Similar data were obtained for a 1.5µm fiber, 40 mm long, as shown in Fig. 9. Again, fundamental spectra, Fig. 9(b), (d) are very similar in two eigen-axes of the fiber and reveal even stronger soliton self-frequency shifting. Visible spectra, Fig 9(a), (c), consist of well separated peaks which correspond to the intermodal phase-matching wavelengths for the THG process. Previously reported polarization dependence of visible harmonics  can be understood from these spectra. Indeed, the dominant spectral component at 116° eigenaxis is the 615 nm line, whereas the 540 nm line is the strongest at the 71° axis. Different THG efficiencies in two eigen-axes of the fiber can be traced to the difference in modal overlap integral values.
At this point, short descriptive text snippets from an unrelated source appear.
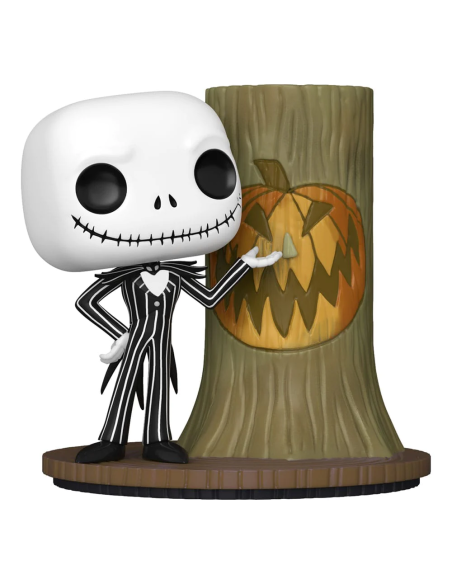 Figura Funko Pop! Pesadilla Antes de Navidad Jack en Puerta de Halloween Modelo 1361 | 72311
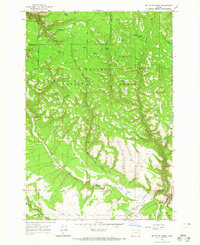 Download a high-resolution, GPS-compatible USGS topo map for Mc Intyre Creek, OR (1965 edition)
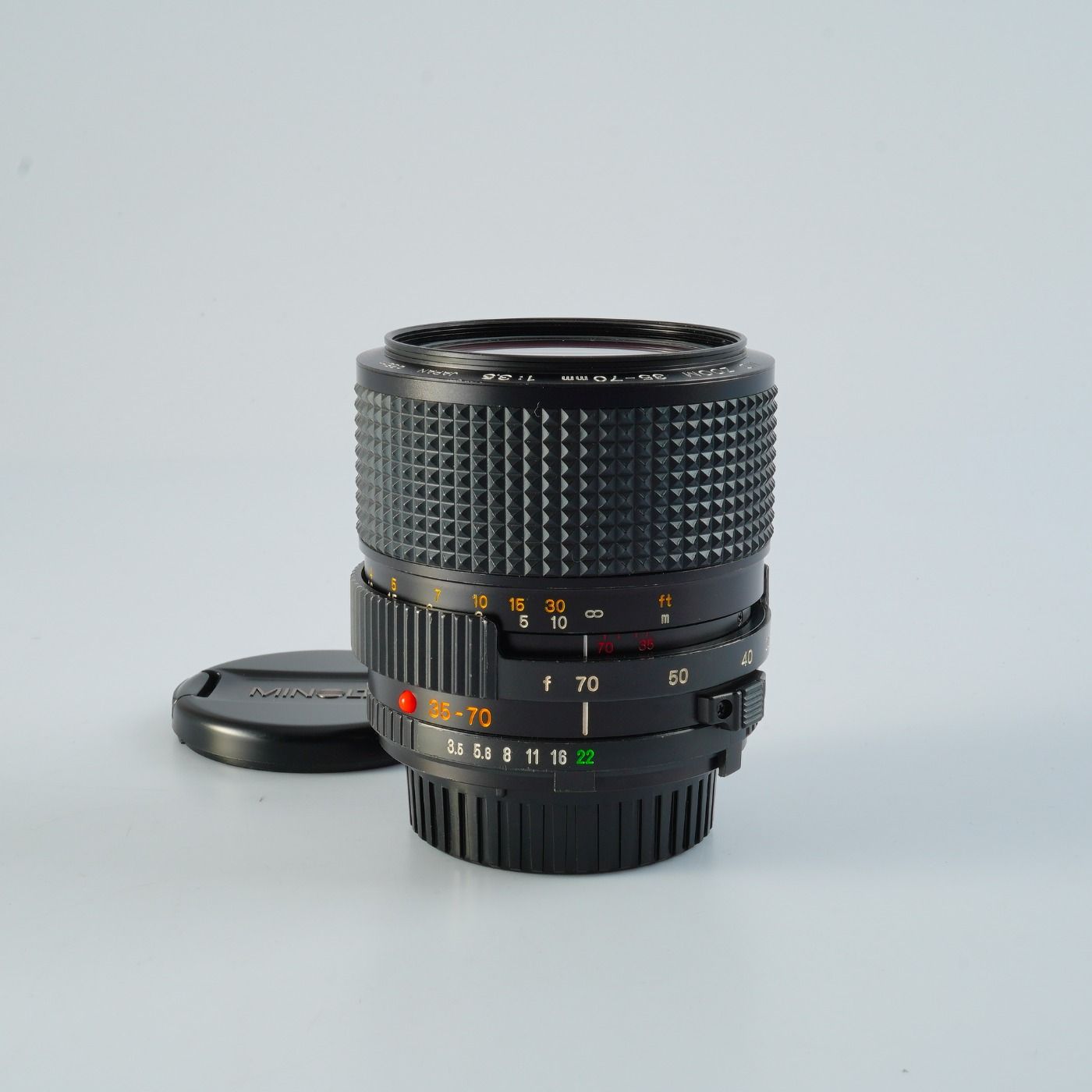 ☆美品☆ MINOLTA ミノルタ MD ZOOM 35-70mm F3.5 MACRO #M059 美品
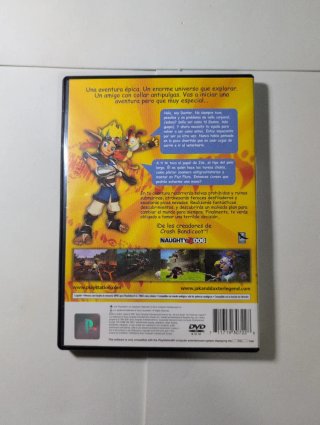 Jak and Daxter El Legado de los Precursores PS2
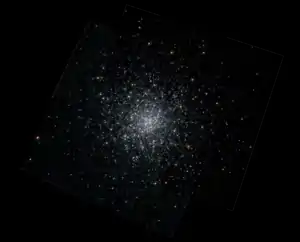 Aufnahme des Hubble-Weltraumteleskops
Far-field profiles for 1.5µm fiber are shown in Fig. 10. Here, using offset pumping, we can excite either fundamental or higher-order modes at the pump wavelength of 1500 nm. In the former case, the strongest harmonic modes are shown in Figs. 10(g) and 10(h), for two different input polarizations and should be compared to the theoretical profiles, Figs. 10(c) and 10(d). If, however, higher-order modes at the pump wavelength are excited, the modes shown in Figs. 10(e) and 10(f) result. These compare well to the computed profiles for modes 39 and 48 in the visible. Again, the orientation of the experimental modes will match that of theoretical if a small counterclockwise rotation is applied to all experimental modes.
Observation of intermodally phase-matched harmonic generation in high-delta microstructured fibers is unique in that this process is not possible in typical weakly guiding fibers. In this work, numerical and experimental results were found to match very well in both spectral and far-field intensity distribution measurements. It is clear, that similar effects are expected to be observed in tapered fibers, however they have not been reported so far. Although typically obtained conversion efficiencies are well below a percent, methods to improve these are currently being developed. The complete description of the femtosecond THG in cobweb fibers shall include the full dynamics of the pulse at the fundamental wavelength and the influence of the cross-phase modulation on the phase-matching , as well as the dispersion and the group-velocity mismatch. This detailed analysis of the process will be the subject of a separate publication.